A male friend from work.

A gorgeous, blond, funny, sexy, ‘here for a good time, not a long time’ male friend from work.

Getting ready for Nick was rather like getting a patient quickly prepared for Theatre. Alison went through a rapid mental checklist, cleaning her teeth, shaving her legs, even cleaning her ears, body lotion, perfume, subtle make-up, hair gloss, nice underwear, really, really nice underwear—not that he’d be seeing it, but just because, because, because.
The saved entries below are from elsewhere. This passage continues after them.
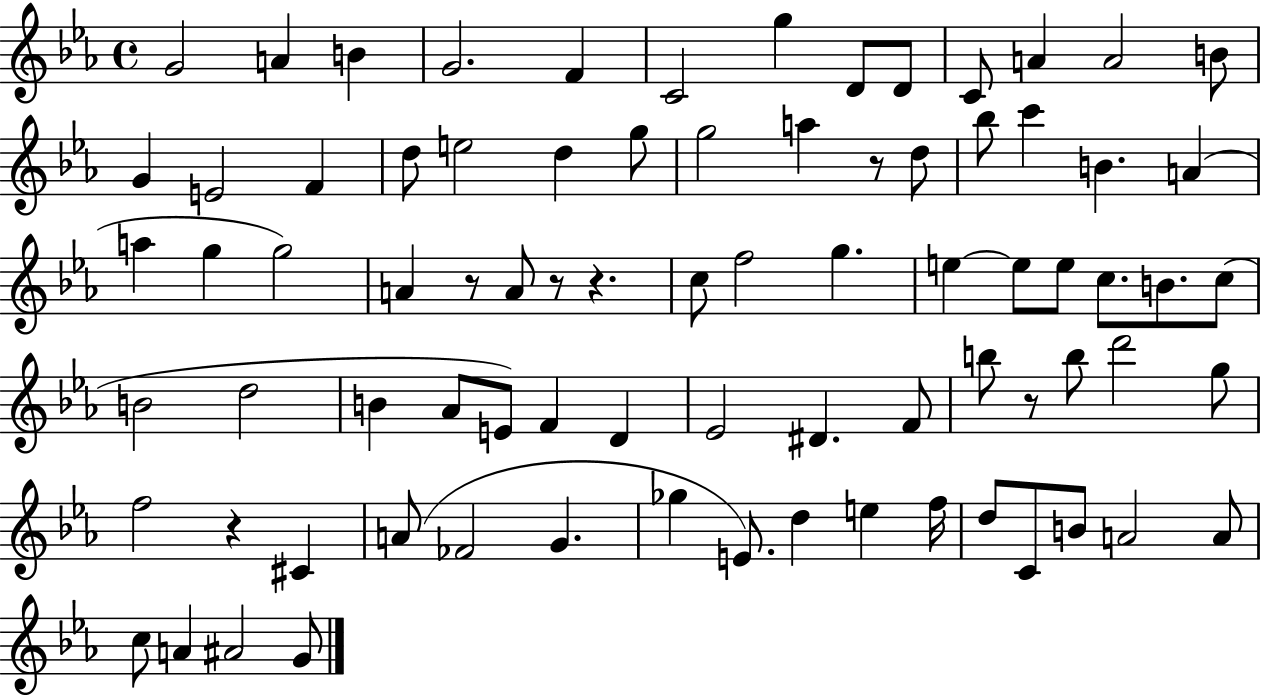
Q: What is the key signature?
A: EES major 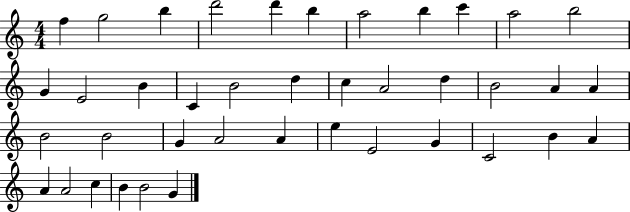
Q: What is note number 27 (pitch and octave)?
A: A4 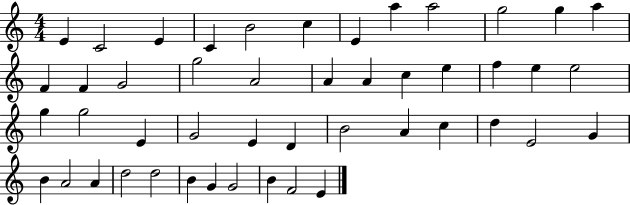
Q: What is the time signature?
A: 4/4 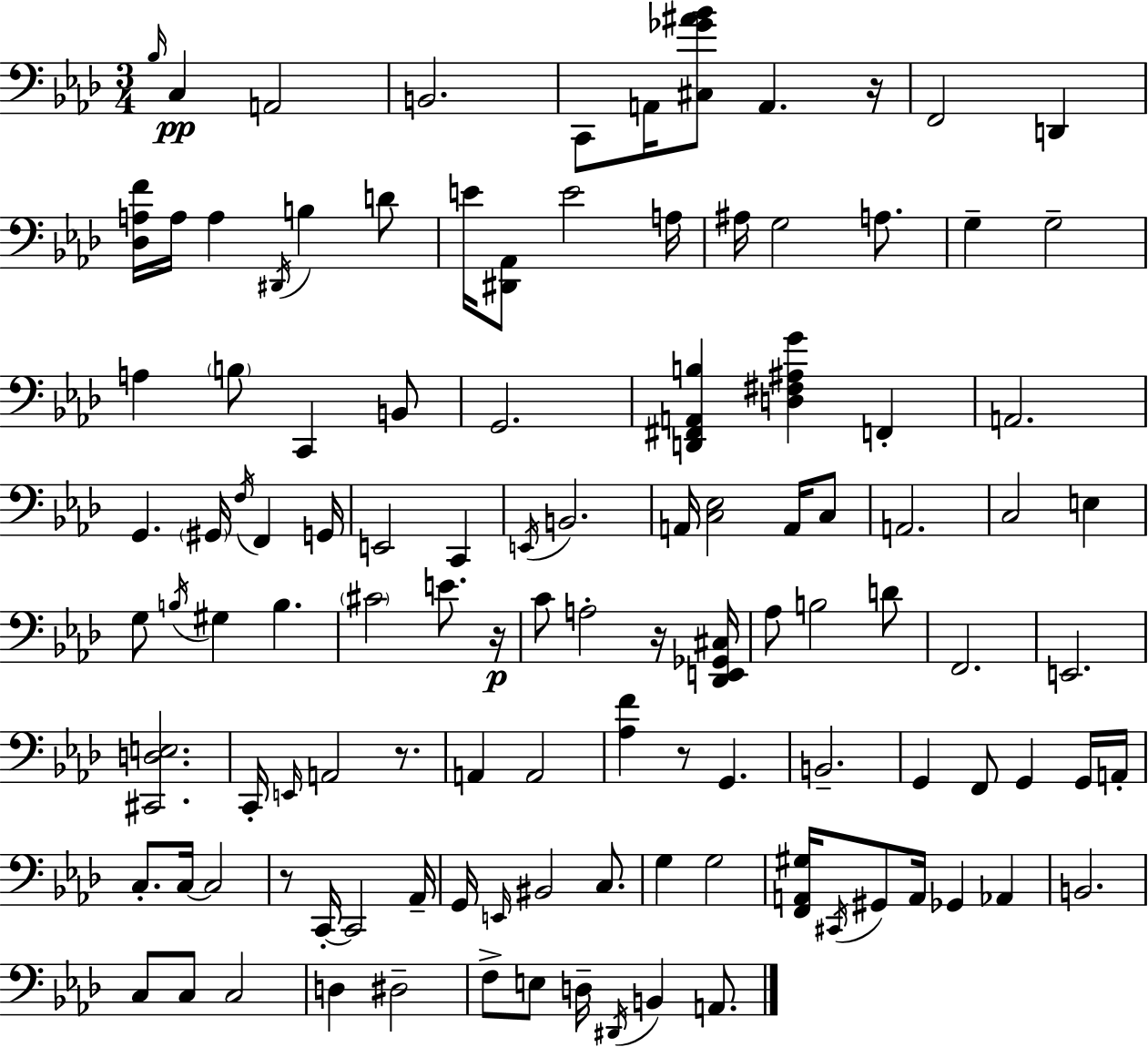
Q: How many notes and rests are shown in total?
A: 114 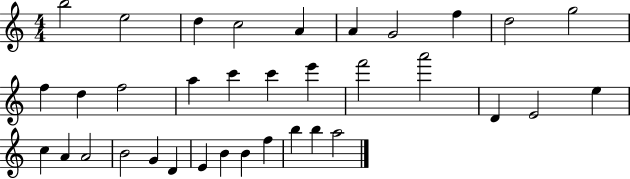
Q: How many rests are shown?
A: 0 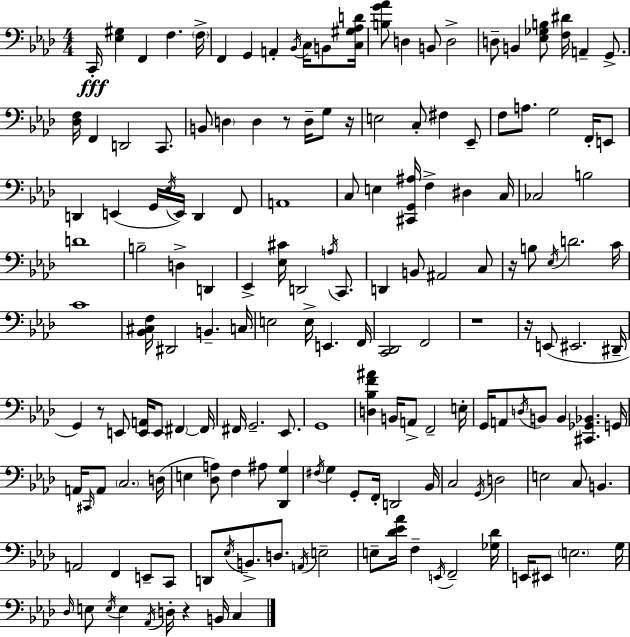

She was simply meeting a friend from work, Alison told herself over and over as she trawled through her wardrobe till the contents lay on a heap on her bed, wondering how she could have nothing to wear when her entire bed was covered. She settled for a pale grey tube skirt that she’d had for ever and a cheap but cheerful top she’d bought the previous week, pulled on some bracelets as she dashed downstairs, wished her mum goodnight and flew down the street, rather surprised to find Nick waiting for her at the end.

‘Don’t want you walking on your own.’

‘I do it all the time,’ Alison said.

‘You look nice.’ His eyes told her that he meant it.

‘Oh.’ She gave a casual shrug, one that said it had been no effort at all! ‘Thanks.’

He was just a friend, Alison told herself as he went to kiss her on the cheek.

Or maybe not, because very deliberately he avoided her cheek and met her mouth, and it was slow and deliberate and its meaning was clear, crystal clear, that this was more than just friendship.

And for Nick it was confirmation too.

He felt first her hesitancy, her guardedness and then he felt what he knew, or rather had guessed at. Felt this gathering of passion on full lips and despite self-issued warnings he wanted to unleash it.